The Theory: One Scale to Rule Them All
Grebenkov & Serror’s model treats asset returns as having two components:
- A random, noise-like part.
- A small, autocorrelated bias (the “trend”) modeled as an AR(1) process with a single mean-reversion time scale.
From this, they derived a formula linking the EMA smoothing parameter (η), market autocorrelation (λ), and trend strength (β₀) to the theoretical Sharpe ratio. Crucially:
- The optimal EMA is slightly faster than the market’s own autocorrelation decay.
- Positions should depend linearly on the signal — aligning with Markowitz and Agnostic Risk Parity (ARP) frameworks.
The Test: Theory Meets 30+ Years of Markets
Valeyre put the model to the test with:
- 70 futures markets (commodities, FX, equity indices, bonds).
- Daily data from 1990–2023.
- ARP portfolio construction: rotationally invariant, correlation-matrix adjusted.
Signals tested:
- Single EMA (various lengths).
- MACD-style three-scale EMA blends.
- Bollinger Band mixtures (to mimic EMA shapes).
The goal: compare empirical Sharpe curves to Grebenkov’s theoretical prediction.
The Results: A Beautiful Fit
- The empirical Sharpe curve matched the 2014 theory almost perfectly.
- Optimal EMA length ≈ 112 days (η ≈ 1/112), Sharpe ≈ 1.24.
- Multi-scale MACD variants showed no meaningful advantage: Sharpe changes were within statistical noise, and correlations with the EMA strategy exceeded 0.95.
- Even complex Bollinger Band mixes could replicate the EMA almost exactly.
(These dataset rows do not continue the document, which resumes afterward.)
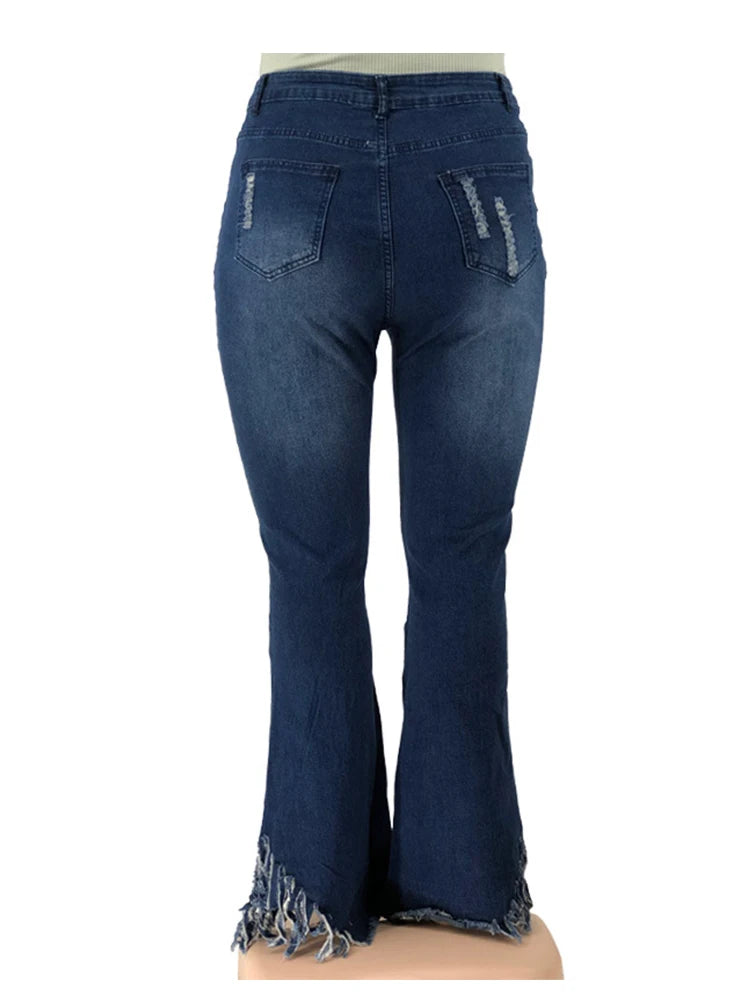 Pus Size  Ladies Jeans High Waist Woman Tassel Vintage Jeans Ripped Plus Size Fashion Elegant Flared Jeans Wholesale Dropshipping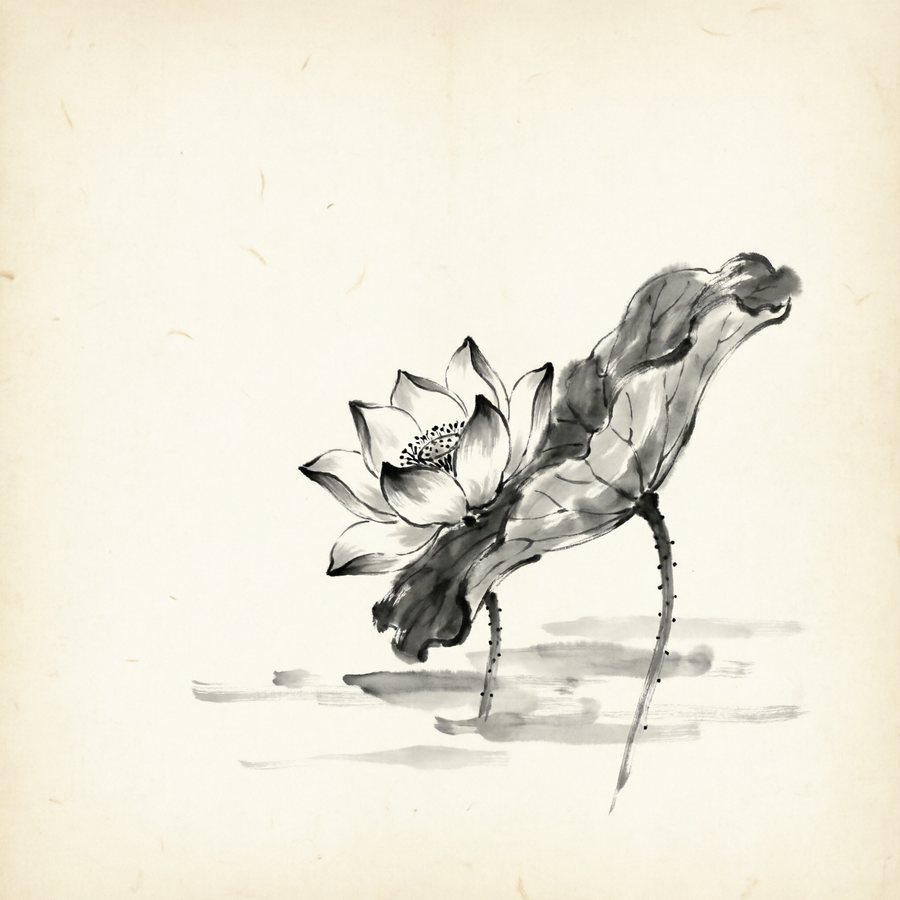 Ink painting of a lotus blossom, rendered by Lotus Diffusion-1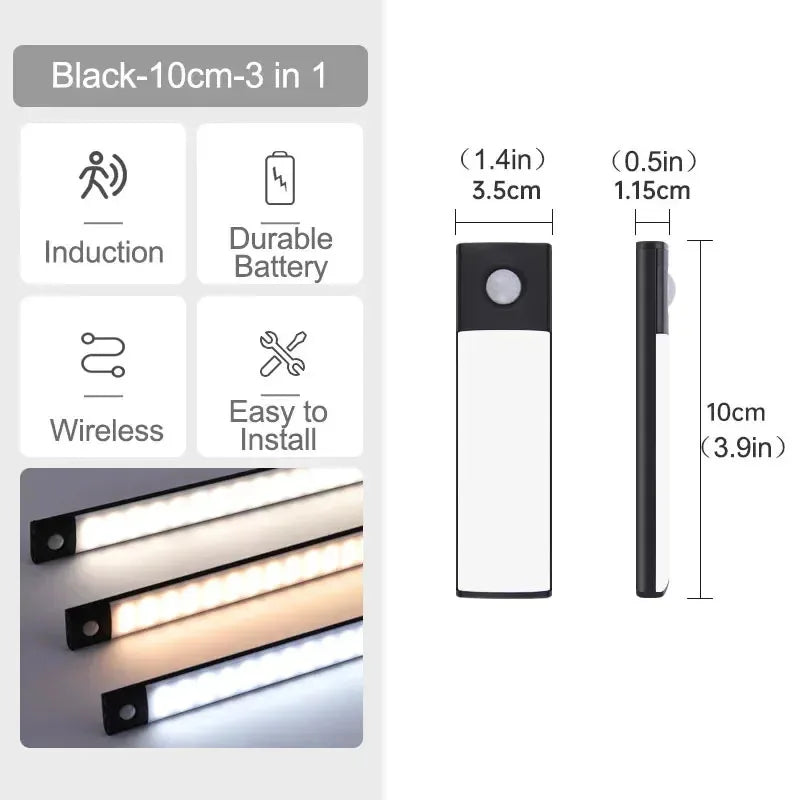 10-60cm USB Rechargeable Ultra-Thin Motion Sensor Light Magnetic Mount  3-Color Adjustment Under Cabinet Light for Home Office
Key takeaway: a single-time-scale trend model describes reality well enough that adding more scales doesn’t improve performance.
Why This Matters for CTAs
Most CTA trend-following systems layer multiple indicators to “capture different horizons” and appear robust. This study suggests:
- Much of that complexity is cosmetic — and risks cherry-picking.
- In a diversified, volatility-targeted portfolio, a single EMA is sufficient.
- The optimal horizon is stable across assets, and performance is flat near the optimum (100–150 days), making parameter risk low.
The Outliers: When Simplicity Might Break
The only notable theoretical challenge comes from Schmidhuber (2021), who finds that extreme trends may require nonlinear adjustments (e.g., subtracting a cubic term to dampen overextended moves). Valeyre tested this tweak — it didn’t improve Sharpe in the ARP framework.
For now, Grebenkov’s one-scale model holds firm.
Final Thoughts
For quants, this is liberating: you can spend less time on exotic indicator alchemy and more on robust portfolio construction and execution.
For investors, it’s a reminder: complexity is not the same as sophistication.
Sometimes, the cleanest line through the noise is the best trade in town.